# Oxidation of malonic acid

Question
How many grams $\ce{CO2}$ will result when burning $\pu{100 g}$ malonic acid? The formula for malonic acid is $\ce{C3H4O4}$ so 3 $\ce{CO2}$ molecules should result from oxidating one malonic acid molecule. $$\ce{C3H4O4 + 2O2 -> 3CO2 + 2H2O}$$

My attempt

$$44.01\cdot\frac{100}{104.0615}\cdot3 = \pu{126.88 g}$$

with $\pu{44.01 g}$ being the mass of a mol $\ce{CO2}$ and $\pu{104.0615 g}$ for a mole of malonic acid.

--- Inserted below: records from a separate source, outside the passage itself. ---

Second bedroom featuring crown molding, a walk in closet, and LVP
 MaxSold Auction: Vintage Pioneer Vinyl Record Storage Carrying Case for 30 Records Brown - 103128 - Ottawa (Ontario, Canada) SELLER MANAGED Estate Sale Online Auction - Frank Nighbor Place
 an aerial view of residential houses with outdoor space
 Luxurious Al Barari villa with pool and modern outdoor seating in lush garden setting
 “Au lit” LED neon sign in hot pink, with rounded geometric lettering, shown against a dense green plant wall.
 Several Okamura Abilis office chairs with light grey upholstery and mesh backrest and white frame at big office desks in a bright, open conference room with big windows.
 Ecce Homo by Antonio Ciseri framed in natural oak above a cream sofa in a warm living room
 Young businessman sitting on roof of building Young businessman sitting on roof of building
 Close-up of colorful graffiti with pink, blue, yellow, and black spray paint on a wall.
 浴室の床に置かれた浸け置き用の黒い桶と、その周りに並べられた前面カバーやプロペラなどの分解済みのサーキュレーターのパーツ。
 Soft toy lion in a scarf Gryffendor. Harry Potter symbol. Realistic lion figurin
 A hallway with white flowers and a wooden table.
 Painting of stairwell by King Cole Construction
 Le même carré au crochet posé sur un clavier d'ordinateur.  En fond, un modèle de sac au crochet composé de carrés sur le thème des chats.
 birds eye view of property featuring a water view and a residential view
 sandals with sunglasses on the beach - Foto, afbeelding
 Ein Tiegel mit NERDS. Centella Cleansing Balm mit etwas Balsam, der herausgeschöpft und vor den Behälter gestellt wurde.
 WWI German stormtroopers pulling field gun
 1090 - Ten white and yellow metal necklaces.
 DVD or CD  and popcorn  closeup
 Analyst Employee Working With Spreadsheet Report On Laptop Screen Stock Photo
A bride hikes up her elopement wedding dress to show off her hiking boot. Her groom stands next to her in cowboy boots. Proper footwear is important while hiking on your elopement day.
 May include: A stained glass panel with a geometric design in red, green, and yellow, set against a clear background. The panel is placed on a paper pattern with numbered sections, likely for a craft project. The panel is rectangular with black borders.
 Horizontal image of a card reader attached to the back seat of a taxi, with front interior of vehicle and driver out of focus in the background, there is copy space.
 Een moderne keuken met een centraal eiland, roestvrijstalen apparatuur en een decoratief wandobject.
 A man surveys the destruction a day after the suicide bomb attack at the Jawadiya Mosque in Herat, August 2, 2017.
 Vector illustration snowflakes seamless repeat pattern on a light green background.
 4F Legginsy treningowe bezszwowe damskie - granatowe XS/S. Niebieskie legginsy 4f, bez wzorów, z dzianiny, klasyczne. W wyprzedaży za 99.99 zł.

However, this doesn't seem to be right. Can anyone hint me for the correct solution?

• Welcome! Could you comment why it doesn't seem right, please. Apart from a little inconsistent use of significant figures, I can't see anything wrong either. – Martin - マーチン Nov 29 '16 at 10:02
• @Martin It is kind of an online riddle and my answer isn't accepted – Ctx Nov 29 '16 at 10:16
• Why can't it be right? You're converting $\ce{C3H4O4}$ to something that has the same equivalent weight as $\ce{C3O6}$, which is has a higher weight than malonic acid. – Zhe Jun 30 '17 at 13:27

Using Bunsen burner for this reaction will most likely result in the reaction you've shown. But please keep in mind that even aqueous solution of malonic acid upon heating above $\pu{70 ^\circ C}$ easily undergoes decarboxylation:
$$\ce{HOOC-CH2-COOH ->[\Delta] CH3-COOH +CO2}$$
If your "burning conditions" are rather mild, then you get three times less carbon dioxide: $m(\ce{CO2}) \approx \pu{42.3 g}$.